Hyper Parameter Optimization, aka HPO, is to find a well-performed hyper-parameter on a given search space. The most well-known HPO is grid-search but it only performs well on tiny search space. To resolve hpo on large search space, a lot of algorithms are applied. For example, bayesian optimization is designed for optimizing expensive, black box functions which is very suitable for hpo task. Cost-Frugal optimization on the other hand, taking the training cost into consideration and is aimed to find a better solution within limited cost.

One thing to note is even though hpo is a very activate research field and a lot of algorithms have been invented in the last few years, there's still lacking a general, all-in-one hpo alogrithm that performs well on all datasets. So the best way to find out the right hpo algorithm is always try different hpos on your dataset.

AutoML.Net provides several hpos for you to try out, and you can configure and replace different hpos easily for `AutoMLExperiment` via setting different tuner. In this notebook, we'll go through the following topics.
- Available tuners in AutoML.Net, and how to use it.
- Comparing the performance for those tuners.

In [1]:
// using nightly-build
#i "nuget:https://pkgs.dev.azure.com/dnceng/public/_packaging/dotnet-libraries/nuget/v3/index.json"
#r "nuget: Microsoft.ML.AutoML, 0.21.0-preview.23504.1"
#r "nuget: Microsoft.Data.Analysis, 0.21.0-preview.23504.1"

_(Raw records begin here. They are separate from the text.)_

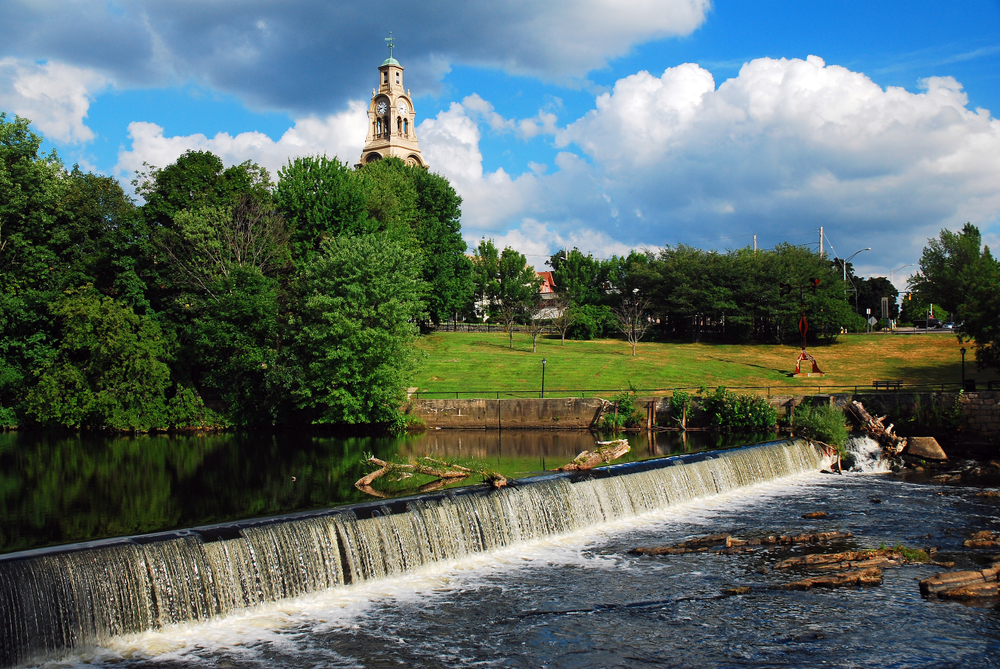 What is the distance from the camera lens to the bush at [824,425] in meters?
31.9

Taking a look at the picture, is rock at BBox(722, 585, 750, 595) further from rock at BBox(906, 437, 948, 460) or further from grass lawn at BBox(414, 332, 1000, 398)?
grass lawn at BBox(414, 332, 1000, 398)

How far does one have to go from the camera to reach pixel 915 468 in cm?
2989

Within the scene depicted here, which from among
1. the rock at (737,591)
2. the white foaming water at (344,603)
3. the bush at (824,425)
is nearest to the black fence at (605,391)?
the bush at (824,425)

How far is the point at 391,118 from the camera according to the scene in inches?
3949

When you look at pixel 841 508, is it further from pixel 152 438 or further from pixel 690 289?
pixel 690 289

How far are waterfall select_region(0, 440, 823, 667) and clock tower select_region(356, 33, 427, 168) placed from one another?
278 feet

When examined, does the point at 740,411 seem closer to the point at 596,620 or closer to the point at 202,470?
the point at 202,470

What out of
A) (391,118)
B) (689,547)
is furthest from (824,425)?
(391,118)

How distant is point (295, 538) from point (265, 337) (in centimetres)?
2647

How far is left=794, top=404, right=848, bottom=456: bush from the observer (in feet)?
105

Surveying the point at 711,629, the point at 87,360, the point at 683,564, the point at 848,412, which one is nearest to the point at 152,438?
the point at 87,360

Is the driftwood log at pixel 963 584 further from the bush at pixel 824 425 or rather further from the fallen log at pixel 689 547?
the bush at pixel 824 425

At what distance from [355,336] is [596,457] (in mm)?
16141

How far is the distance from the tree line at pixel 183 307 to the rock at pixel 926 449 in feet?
77.1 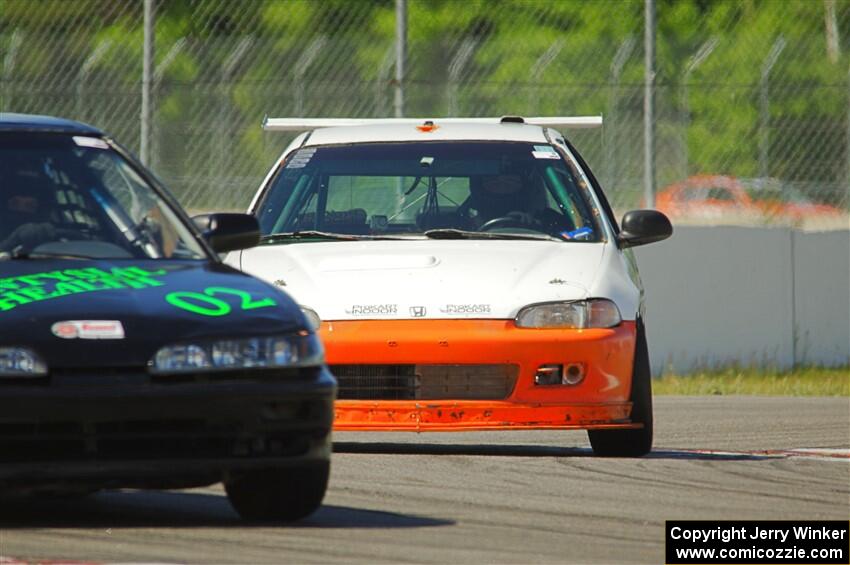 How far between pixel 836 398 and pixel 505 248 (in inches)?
219

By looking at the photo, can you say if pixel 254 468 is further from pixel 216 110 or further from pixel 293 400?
pixel 216 110

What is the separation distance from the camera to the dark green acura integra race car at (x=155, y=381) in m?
6.20

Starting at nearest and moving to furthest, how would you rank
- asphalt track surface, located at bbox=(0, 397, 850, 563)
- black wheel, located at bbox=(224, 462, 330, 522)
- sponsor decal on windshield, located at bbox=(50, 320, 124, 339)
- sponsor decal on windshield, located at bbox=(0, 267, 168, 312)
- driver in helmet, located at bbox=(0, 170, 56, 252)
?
asphalt track surface, located at bbox=(0, 397, 850, 563) < sponsor decal on windshield, located at bbox=(50, 320, 124, 339) < sponsor decal on windshield, located at bbox=(0, 267, 168, 312) < black wheel, located at bbox=(224, 462, 330, 522) < driver in helmet, located at bbox=(0, 170, 56, 252)

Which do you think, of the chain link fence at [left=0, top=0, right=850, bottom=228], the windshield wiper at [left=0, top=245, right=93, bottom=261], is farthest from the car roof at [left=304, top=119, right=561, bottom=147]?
the chain link fence at [left=0, top=0, right=850, bottom=228]

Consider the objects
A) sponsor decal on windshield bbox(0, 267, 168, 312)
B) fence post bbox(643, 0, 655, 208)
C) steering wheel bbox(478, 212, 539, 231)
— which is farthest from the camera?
fence post bbox(643, 0, 655, 208)

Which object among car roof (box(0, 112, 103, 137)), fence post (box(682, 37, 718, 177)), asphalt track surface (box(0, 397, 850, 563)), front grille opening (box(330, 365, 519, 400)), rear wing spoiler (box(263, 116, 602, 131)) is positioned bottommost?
asphalt track surface (box(0, 397, 850, 563))

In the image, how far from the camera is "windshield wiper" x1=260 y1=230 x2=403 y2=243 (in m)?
9.85

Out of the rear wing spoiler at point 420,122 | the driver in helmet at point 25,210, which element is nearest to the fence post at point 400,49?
the rear wing spoiler at point 420,122

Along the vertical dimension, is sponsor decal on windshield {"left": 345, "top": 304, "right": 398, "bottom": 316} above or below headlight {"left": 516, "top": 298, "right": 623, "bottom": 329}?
above

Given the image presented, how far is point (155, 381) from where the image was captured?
6.29m

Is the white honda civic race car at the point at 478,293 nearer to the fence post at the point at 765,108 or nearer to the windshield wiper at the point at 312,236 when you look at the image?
the windshield wiper at the point at 312,236

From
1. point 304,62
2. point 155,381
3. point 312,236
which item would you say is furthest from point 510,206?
point 304,62

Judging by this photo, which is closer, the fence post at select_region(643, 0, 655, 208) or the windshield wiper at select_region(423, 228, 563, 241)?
the windshield wiper at select_region(423, 228, 563, 241)

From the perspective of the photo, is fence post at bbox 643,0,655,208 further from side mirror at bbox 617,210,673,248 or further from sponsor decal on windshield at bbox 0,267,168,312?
sponsor decal on windshield at bbox 0,267,168,312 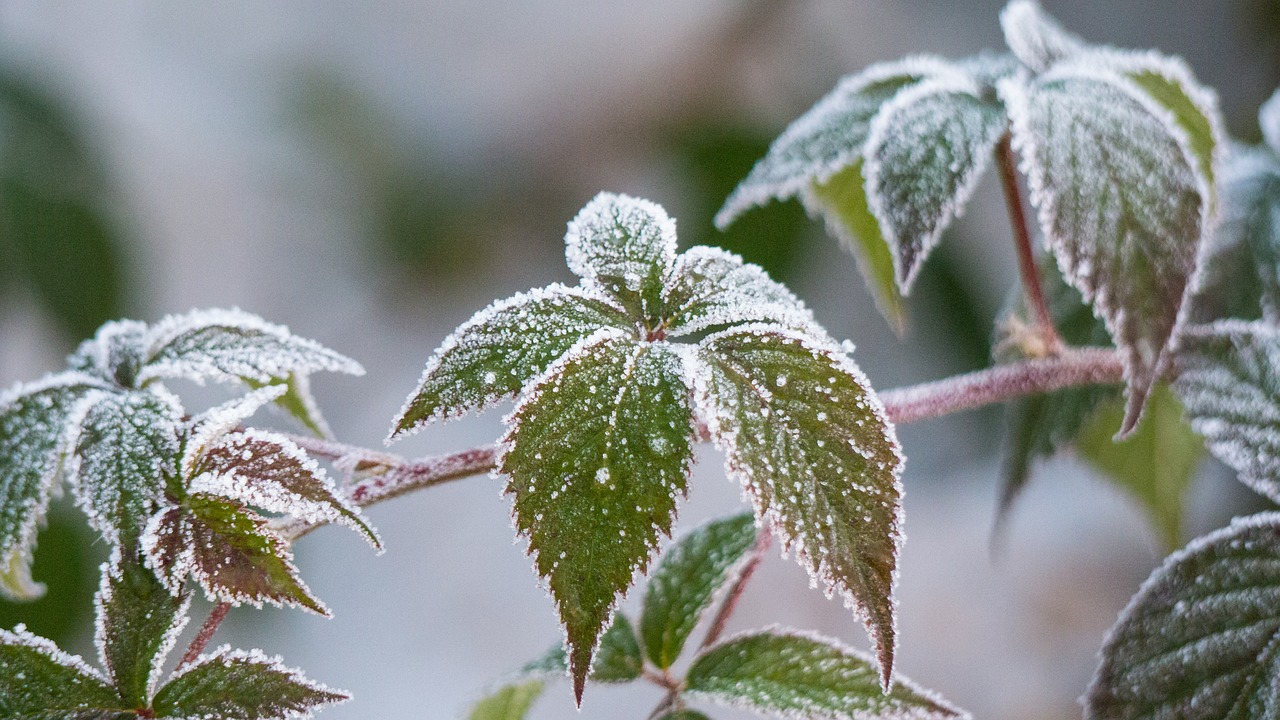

#r "nuget: Plotly.NET.Interactive, 3.0.2"
#r "nuget: Plotly.NET.CSharp, 0.0.1"
// Import usings.
using System;
using System.IO;
using System.Net;
using Microsoft.ML;
using Microsoft.ML.AutoML;
using Microsoft.ML.Data;
using Microsoft.ML.SearchSpace;
using Newtonsoft.Json;
using Microsoft.ML.AutoML.CodeGen;
using Microsoft.Data.Analysis;
using Microsoft.ML.SearchSpace.Option;

Loading extensions from `C:\Users\xiaoyuz\.nuget\packages\microsoft.ml.automl\0.21.0-preview.23504.1\interactive-extensions\dotnet\Microsoft.ML.AutoML.Interactive.dll`

Loading extensions from `C:\Users\xiaoyuz\.nuget\packages\plotly.net.interactive\3.0.2\interactive-extensions\dotnet\Plotly.NET.Interactive.dll`

Loading extensions from `C:\Users\xiaoyuz\.nuget\packages\skiasharp\2.88.6\interactive-extensions\dotnet\SkiaSharp.DotNet.Interactive.dll`

Loading extensions from `C:\Users\xiaoyuz\.nuget\packages\microsoft.data.analysis\0.21.0-preview.23504.1\interactive-extensions\dotnet\Microsoft.Data.Analysis.Interactive.dll`

### Available Tuners in AutoML.Net
For now, those tuners are available in AutoML.Net
- CostFrugalTuner: low-cost HPO algorithm, this is an implementation of [Frugal Optimization for Cost-related Hyperparameters](https://arxiv.org/abs/2005.01571).
- SMAC: Bayesian optimziation using random forest as regression model.
- EciCostFrugalTuner: CostFrugalTuner for hierarchical search space. This will be used as default tuner if `AutoMLExperiment.SetPipeline` get called.
- GridSearch
- RandomSearch

The following section shows how to use different tuner in `AutoMLExperiment`.

In [2]:
var context = new MLContext(1);
var experiment = context.Auto().CreateExperiment();

// use EciCostFrugalTuner
// Note: EciCostFrugalTuner will be set as default tuner if you call 
// experiment.SetPipeline()
experiment.SetEciCostFrugalTuner();

// use CostFrugalTuner
experiment.SetCostFrugalTuner();

// use SMAC
experiment.SetSmacTuner();

// use GridSearch
experiment.SetGridSearchTuner(step: 10);

// use RandomSearch
experiment.SetRandomSearchTuner(seed: 1);

### Compare GridSearch and EciCostFrugal on titanic dataset

The following section shows how different hpo effect automl performance, by comparing metric trend from GridSearch and EciCostFrugal on titanic dataset.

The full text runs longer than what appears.